BACKGROUND: The laparoscopic treatment for gastroesophageal reflux disease by total fundoplication is the current surgical treatment of choice after failure of appropriate medical treatment. This article shows the learning curve in the Surgical Residency Program. METHODS: We analysed 60 charts of patients submitted to laparoscopic fundoplication between March and October 2005. Patients were separated in 2 groups, and the first 30 cases were compared to the following 30 cases. We collected the following data: operative time, conversion rate, complications ant length of hospitalization. RESULTS: Laparoscopic fundoplication was performed in 18 men and 42 women, with mean age of 48.3 years.

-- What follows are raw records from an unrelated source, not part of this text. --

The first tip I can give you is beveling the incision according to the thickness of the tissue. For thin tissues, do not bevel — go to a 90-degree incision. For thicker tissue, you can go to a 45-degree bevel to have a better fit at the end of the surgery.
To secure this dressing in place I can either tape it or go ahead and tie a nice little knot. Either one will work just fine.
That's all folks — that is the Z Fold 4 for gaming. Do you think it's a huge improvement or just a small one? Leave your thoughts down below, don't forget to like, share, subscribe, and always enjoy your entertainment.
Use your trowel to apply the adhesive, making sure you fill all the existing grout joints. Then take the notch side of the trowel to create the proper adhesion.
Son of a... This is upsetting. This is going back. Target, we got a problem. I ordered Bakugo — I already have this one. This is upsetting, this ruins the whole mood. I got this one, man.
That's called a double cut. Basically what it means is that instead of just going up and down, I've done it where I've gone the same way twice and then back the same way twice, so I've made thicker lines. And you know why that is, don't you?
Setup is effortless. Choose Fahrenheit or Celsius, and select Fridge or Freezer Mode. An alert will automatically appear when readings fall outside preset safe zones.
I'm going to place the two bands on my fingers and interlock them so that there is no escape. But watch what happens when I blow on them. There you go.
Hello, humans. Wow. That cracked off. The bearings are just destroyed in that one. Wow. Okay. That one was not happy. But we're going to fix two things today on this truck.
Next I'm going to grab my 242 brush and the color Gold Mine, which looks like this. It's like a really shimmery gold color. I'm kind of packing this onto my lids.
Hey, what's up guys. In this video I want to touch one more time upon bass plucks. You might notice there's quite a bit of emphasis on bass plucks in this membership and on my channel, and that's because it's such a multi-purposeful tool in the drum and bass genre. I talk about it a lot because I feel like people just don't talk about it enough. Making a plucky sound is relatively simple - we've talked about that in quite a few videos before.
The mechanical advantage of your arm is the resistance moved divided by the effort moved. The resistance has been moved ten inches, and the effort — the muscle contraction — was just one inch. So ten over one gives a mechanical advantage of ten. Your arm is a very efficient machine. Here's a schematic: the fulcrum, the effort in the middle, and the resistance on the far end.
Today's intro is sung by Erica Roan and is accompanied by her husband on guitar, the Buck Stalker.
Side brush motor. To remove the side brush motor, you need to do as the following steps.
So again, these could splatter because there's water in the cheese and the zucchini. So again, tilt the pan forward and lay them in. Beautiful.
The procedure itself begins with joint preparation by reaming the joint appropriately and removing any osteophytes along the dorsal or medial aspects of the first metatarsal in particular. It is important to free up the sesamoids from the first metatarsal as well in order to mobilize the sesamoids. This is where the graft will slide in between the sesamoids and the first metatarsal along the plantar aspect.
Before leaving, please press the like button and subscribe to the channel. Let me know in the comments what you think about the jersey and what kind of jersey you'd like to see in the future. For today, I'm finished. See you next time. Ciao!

Comparing both groups, there was a significant difference in the total operative time (92.7 vs 76.7 minutes, p=0,003), in the Nissen-Rossetti procedure duration (86.7 vs. 68.4 minutes, p=0,00006) and in the ligation of short gastric vessels time (22 vs. 13.1 minutes, p=0,00005). The number of intraoperative complications was bigger in the first group, but the difference was not statistically significant (p=0,2). No conversion was observed in our series. There was no death. Patients were discharged from the hospital in average at the first postoperative day in both groups (p=0,06). CONCLUSION: Laparoscopic fundoplication can be safely performed by residents in their Residency Program with low morbidity rate. We could demonstrate that the effect of the learning curve was more representative related to the operation time.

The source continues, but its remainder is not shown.